- Exercise: Omit the pictures and extract only the lines from the line containing "Similarly, to generate" to the end of the material, each exactly as written.

#####

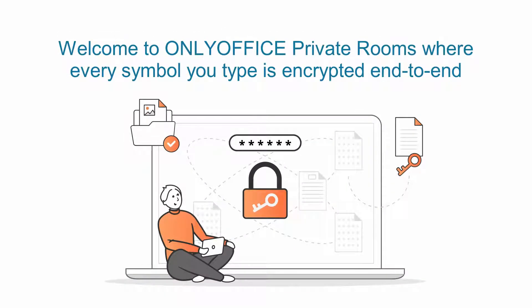Need to make work with sensitive documents ultimately secure? Welcome to OnlyOffice Private Rooms, where every symbol you type is encrypted end-to-end.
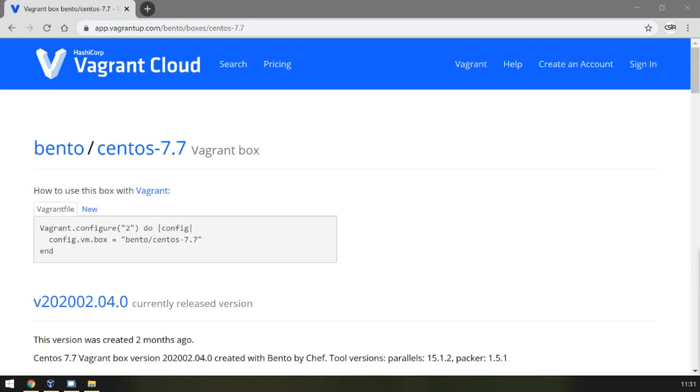The System Management Server, or SMS host, is defined by a Vagrant file. We are using a Bento image, which is available on Vagrant Cloud for CentOS 7.7.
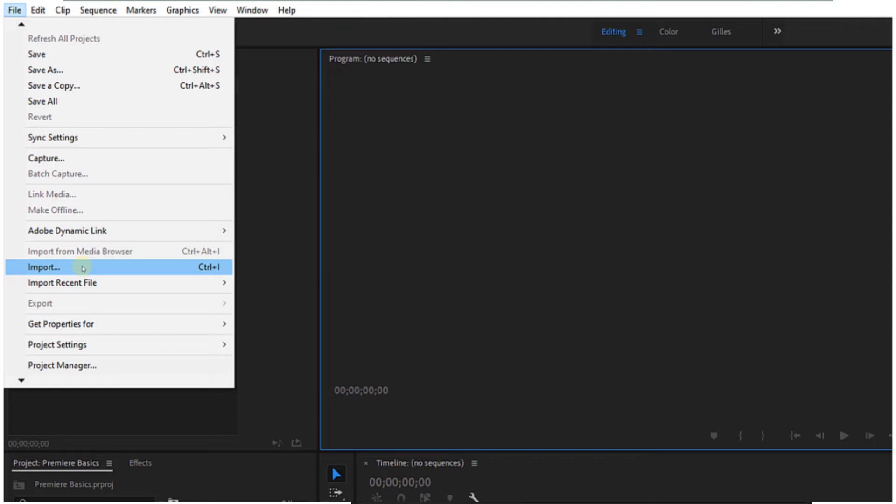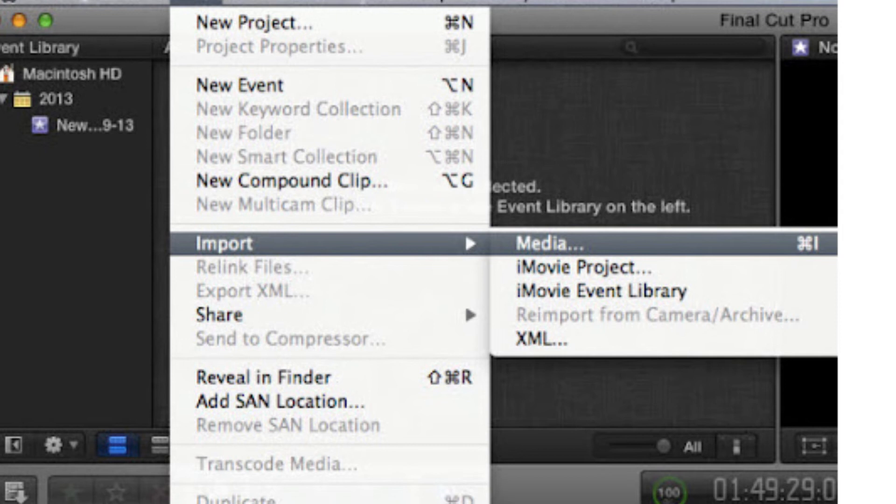You can import files into FCP by navigating to File > Import > Media. Select the file you want to import, then click Import.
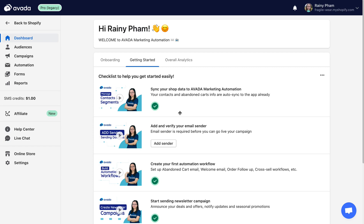Hi everyone, welcome to Avada Academy. If you're wondering how to turn off Shopify notification emails and use Avada instead, the answer is unfortunately Shopify does not allow you to turn off most of their notifications. But no worries, because now Avada supports you in editing Shopify notifications using our powerful editor tool. Now let's see how to do it.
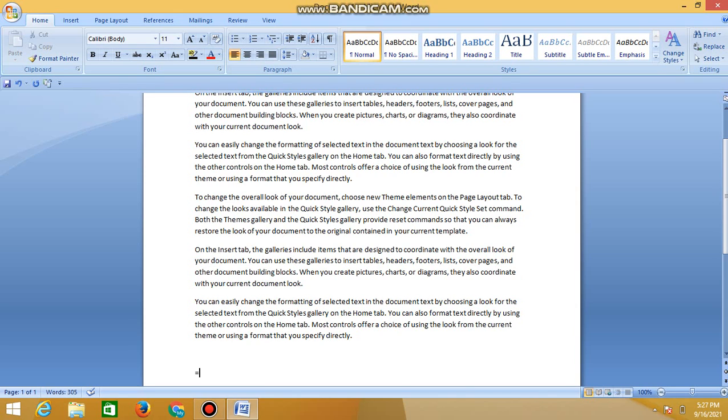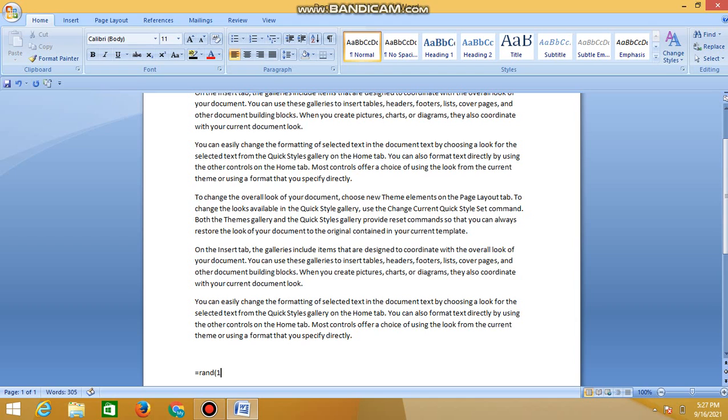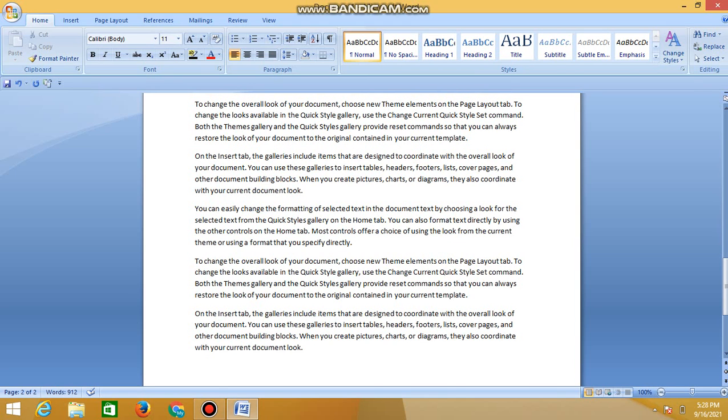Similarly, to generate 10 more paragraphs for our document randomly, we can type equals to R-A-N-D and just pass 10. You can see that 10 more random paragraphs are added to our MS Word document.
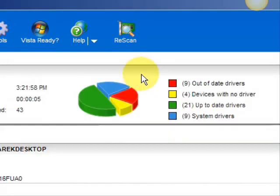And here are the results. As you can see, it breaks it down into a really easy-to-read format. It lists your drivers that are actually up-to-date, your devices that have no drivers, and your devices that have out-of-date drivers in the red. So essentially you're going to be focusing on the ones in the red and the ones in the yellow.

#####

- Exercise result:
Similarly, to generate 10 more paragraphs for our document randomly, we can type equals to R-A-N-D and just pass 10. You can see that 10 more random paragraphs are added to our MS Word document.
And here are the results. As you can see, it breaks it down into a really easy-to-read format. It lists your drivers that are actually up-to-date, your devices that have no drivers, and your devices that have out-of-date drivers in the red. So essentially you're going to be focusing on the ones in the red and the ones in the yellow.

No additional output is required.